Re: RDMA/CM and multiple QPs

Parav Pandit <pandit.parav@xxxxxxxxx> · Thu, 10 Sep 2015 23:25:24 +0530

Sorry if you find that I am imposing, but there were not much inputs
on below thoughts in this email chain for abstraction, so iterating
again to see if there is different view now.

I understood the Christoph's requirement is relatively lean where
block-mq's MQ can be bound to CPU and/or to RDMA QP.
That session layer is probably is the right place, to attach the
connection(s) to a session.

Establishing multiple QP is just one part of it.
Bigger challenge is how do we distribute the work request among
multiple QPs specially when STAG advertisements, their invalidation is
agnostic at Verbs layer (which is not part of the IB spec and every
ULP has their own method possibly for good reason).
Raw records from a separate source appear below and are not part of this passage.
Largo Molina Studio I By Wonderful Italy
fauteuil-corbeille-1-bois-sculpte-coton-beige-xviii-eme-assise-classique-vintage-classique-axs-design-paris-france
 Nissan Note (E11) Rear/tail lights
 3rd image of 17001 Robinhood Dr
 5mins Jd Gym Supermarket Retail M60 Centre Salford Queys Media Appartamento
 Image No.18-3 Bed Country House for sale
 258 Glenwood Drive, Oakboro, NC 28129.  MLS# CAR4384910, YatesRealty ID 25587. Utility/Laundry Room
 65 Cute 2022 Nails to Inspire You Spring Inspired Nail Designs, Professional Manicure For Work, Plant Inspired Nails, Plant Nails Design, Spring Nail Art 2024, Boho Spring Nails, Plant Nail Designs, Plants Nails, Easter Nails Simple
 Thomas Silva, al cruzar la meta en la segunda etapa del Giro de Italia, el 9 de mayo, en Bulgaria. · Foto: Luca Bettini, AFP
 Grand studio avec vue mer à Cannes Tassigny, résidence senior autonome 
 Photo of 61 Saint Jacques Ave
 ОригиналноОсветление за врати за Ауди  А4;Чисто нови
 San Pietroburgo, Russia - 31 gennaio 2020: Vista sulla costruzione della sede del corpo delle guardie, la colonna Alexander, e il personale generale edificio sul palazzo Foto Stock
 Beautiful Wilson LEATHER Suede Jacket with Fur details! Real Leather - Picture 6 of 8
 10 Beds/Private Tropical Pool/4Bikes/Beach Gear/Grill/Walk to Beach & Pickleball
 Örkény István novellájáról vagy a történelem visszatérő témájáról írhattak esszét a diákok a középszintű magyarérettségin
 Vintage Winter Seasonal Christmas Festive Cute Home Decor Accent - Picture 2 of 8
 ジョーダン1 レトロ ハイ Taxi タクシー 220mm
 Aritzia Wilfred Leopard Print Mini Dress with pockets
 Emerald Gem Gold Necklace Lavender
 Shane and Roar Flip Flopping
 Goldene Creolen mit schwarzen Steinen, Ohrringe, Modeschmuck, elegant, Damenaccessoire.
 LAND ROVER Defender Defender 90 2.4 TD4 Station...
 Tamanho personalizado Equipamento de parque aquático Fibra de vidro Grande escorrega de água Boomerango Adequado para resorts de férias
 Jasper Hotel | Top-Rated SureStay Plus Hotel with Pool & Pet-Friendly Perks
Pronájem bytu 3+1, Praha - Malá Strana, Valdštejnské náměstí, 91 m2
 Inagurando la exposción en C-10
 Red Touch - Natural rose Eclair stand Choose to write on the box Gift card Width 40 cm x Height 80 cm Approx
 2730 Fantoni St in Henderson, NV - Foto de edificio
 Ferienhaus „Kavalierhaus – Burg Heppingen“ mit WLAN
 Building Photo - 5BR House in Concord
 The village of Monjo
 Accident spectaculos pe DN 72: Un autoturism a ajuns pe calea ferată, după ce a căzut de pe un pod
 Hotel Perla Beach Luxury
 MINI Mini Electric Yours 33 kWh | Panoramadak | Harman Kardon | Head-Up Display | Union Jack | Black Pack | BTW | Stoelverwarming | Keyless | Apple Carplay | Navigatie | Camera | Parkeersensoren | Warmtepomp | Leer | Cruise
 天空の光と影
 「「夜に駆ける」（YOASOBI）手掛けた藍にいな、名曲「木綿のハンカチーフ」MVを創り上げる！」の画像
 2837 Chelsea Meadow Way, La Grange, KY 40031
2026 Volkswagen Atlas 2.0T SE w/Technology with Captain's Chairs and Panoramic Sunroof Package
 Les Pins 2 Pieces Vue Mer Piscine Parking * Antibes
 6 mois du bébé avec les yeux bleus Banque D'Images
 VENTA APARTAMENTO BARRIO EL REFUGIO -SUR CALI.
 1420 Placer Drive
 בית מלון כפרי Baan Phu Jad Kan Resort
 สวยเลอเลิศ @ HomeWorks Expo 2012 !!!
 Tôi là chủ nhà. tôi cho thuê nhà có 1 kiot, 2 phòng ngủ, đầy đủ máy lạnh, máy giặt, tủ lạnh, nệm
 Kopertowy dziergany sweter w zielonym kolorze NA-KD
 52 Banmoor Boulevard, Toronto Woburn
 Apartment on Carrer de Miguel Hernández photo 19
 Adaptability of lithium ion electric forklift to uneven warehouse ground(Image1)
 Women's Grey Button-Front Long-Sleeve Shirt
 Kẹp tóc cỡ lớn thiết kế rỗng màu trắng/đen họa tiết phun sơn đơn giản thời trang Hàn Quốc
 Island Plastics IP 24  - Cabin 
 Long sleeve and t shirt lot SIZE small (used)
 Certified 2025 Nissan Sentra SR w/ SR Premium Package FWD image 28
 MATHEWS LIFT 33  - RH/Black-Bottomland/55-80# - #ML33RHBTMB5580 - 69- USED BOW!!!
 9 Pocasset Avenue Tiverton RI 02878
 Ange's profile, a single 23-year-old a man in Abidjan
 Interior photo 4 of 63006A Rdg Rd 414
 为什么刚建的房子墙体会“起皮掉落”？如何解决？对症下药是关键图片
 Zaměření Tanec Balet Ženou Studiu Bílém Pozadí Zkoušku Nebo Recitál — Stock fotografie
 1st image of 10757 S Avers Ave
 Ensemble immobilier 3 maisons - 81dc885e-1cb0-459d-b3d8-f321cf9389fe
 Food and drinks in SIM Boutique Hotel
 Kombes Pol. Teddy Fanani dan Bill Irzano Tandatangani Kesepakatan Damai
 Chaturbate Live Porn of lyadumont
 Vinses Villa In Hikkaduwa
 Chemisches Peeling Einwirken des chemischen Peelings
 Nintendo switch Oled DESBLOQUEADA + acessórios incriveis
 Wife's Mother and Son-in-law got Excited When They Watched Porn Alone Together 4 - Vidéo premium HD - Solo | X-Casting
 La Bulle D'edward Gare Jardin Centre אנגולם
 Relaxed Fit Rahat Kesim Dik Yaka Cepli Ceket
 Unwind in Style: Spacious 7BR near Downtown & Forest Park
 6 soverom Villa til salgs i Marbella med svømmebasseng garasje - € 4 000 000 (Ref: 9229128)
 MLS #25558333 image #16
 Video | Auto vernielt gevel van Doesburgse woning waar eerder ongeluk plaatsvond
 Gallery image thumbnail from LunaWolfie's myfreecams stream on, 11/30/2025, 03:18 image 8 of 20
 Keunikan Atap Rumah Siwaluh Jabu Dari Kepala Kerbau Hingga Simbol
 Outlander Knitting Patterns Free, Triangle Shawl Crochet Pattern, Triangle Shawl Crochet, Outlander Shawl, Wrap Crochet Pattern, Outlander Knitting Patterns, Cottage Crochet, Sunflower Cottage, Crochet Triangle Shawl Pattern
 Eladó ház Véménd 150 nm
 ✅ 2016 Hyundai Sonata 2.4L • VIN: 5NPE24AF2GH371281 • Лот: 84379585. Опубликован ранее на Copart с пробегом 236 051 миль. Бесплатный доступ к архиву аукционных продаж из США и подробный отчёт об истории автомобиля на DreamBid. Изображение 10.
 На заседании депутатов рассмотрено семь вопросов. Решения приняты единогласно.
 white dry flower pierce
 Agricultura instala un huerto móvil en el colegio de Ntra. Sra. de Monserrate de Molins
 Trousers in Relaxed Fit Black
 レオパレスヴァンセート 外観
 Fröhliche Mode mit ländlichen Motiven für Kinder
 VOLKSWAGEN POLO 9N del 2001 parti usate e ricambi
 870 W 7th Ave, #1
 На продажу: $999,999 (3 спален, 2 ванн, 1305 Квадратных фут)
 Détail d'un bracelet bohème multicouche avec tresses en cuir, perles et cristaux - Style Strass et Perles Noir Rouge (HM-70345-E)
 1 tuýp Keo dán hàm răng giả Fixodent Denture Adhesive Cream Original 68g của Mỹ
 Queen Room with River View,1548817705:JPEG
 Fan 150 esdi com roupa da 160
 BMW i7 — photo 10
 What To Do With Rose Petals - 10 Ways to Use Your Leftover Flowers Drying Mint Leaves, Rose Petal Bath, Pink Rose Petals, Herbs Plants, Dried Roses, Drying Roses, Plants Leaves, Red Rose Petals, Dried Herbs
Few months back when I was working on this problem; solution we
considered is similar to what networking stack currently does.
As below:

1. instead of having pure ib_send, write, read verbs, invalidate, we
need to have more higher level verbs for data transport.
such send_data, receive_data, advertise data_buffers etc. Of course
keeping zero copy semantics in mind.

2. Perform device aggregation similar to Ethernet netdev link aggregation.
So two ib_device forms the pair on which one or more QPs will be created.
This virtual device provides higher level data transfer APIS than just
raw IB semantics.
By doing so, this layer decides how to advertise memory, when to
invalidate, which QP to use for transport (load balance or failover).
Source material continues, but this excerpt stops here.